Don't worry, Slash. You'll be back from Cali in no time.

BandFuse's biggest strength is the way it balances its gameplay elements with more serious guitar practice. There's a welcome focus on realism, but the fun of playing a game and boosting your score isn't lost in the mix. While it's not the most attractive setup, the no-nonsense interface makes it easy to gauge what's happening onscreen and what you're being asked to play. Instead of flying at you down a vertical runway, Guitar Hero-style, notes are charted out on a side-scrolling horizontal fret board that mirrors standard guitar tab. Anyone who has thumbed through a guitar magazine or hopped on the Internet to look up the chords to their favorite radio hit will feel right at home.

A forgiving scoring system leaves lots of room to improvise and fiddle around between the notes and chords you're meant to play. You're not penalized unless you miss the notes altogether, and even then it's impossible to fail a song completely. This flexibility is awesome for experimenting on the lower difficulty tiers, where newcomers really benefit from the freedom to ease into more complex playing styles. It's a freedom that evaporates entirely on the highest difficulty setting when you have to play songs note for note as the fret board fills with dizzying chaos meant for pro-level players.

Despite five different challenge levels to suit a broad range of playing abilities--from the total newbie to the hair-twirling shredmaster--it's hard to find the sweet spot as you outgrow your current skill range and try tunes on a higher setting. Shifting up and down across different skill levels is an uneven, jarring experience to say the least. If you have moderate guitar-playing abilities, the easiest settings get boring in a hurry, but stepping it up a notch throws a whole lot more at you all at once. It's easy to get overwhelmed and flustered. This isn't a total drag, however, because it spurs you to actually practice and improve your playing.

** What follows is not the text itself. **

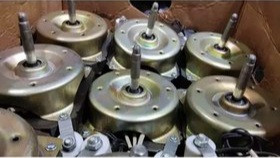 موتور سبزی خردکن ۱۲ ماه ضمانت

You like rock? BandFuse has you covered!

To that aim, BandFuse's learner-focused ShredU section packs lots of tutorial videos and inspirational vignettes from guitar pros like Slash, Mike Ness, Zakk Wylde, and more. While only a handful are interactive, they're very informative, assuming you're in the mood to sit and watch hours of footage rather than actually play. The Lick Lab and Practice menus are more useful if you're in a hands-on mood, because they let you tweak the speed of any song in the game to practice at a slower pace and even loop specific parts until you've mastered them. These diversions are helpful if you're looking to learn, even if they're not as entertaining as the musical minigame found in the competition.

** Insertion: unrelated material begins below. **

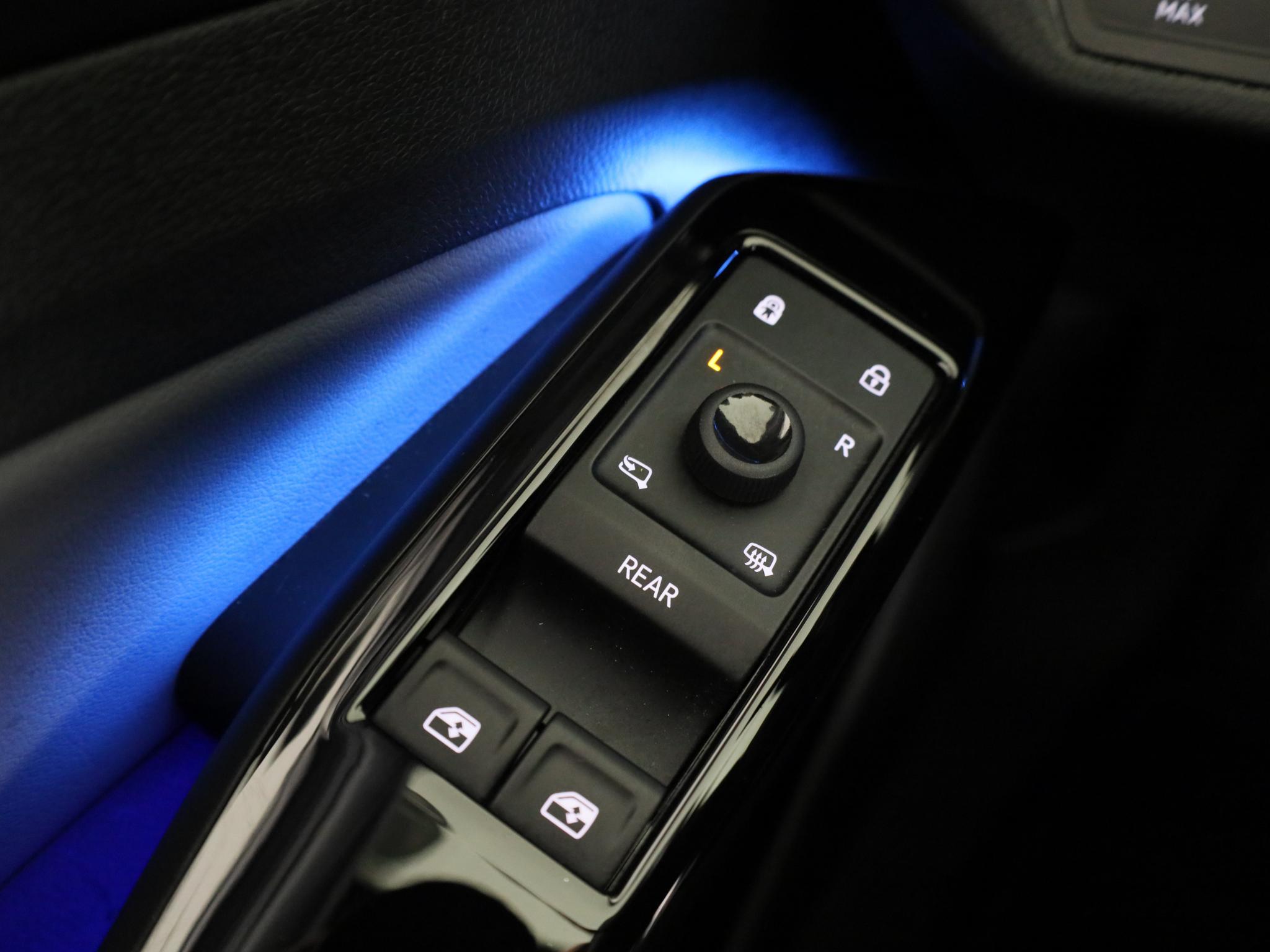 Foto van Volkswagen Id.4 Pro 210kw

Whether you plug in a guitar or a bass, the instrument sound quality is top-notch, and both offer a different challenge with a wide assortment of tracks that will keep even the most skilled musicians on their toes. A trio of virtual FX pedals include adjustable levels of autowah, overdrive, and digital delay to tinker with. Between those and a handful of amplifiers, there's enough to fine-tune your sound even if the limited selection doesn't come close to satiating the needs of more dedicated pedal enthusiasts. You can also plug in a USB microphone to sing along, though both this and local multiplayer require extra adapters and hardware.

BandFuse's biggest strength is the way it balances its gameplay elements with more serious guitar practice.

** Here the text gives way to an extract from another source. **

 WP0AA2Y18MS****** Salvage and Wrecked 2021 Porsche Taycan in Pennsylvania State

BandFuse's user-friendly approach to guitar mastery strikes some chords that Rocksmith misses. The tab-based gameplay is accessible and easy to grasp, which makes shredding through this heavy-hitting batch of tunes an entertaining and educational romp for players of all skill levels. A limited scope of extra bells and whistles, along with sharp difficulty spikes between tiers, is an occasional turnoff, but the rush that comes from improving your playing over time until you can nail these songs note for note smoothes out some of the rough edges.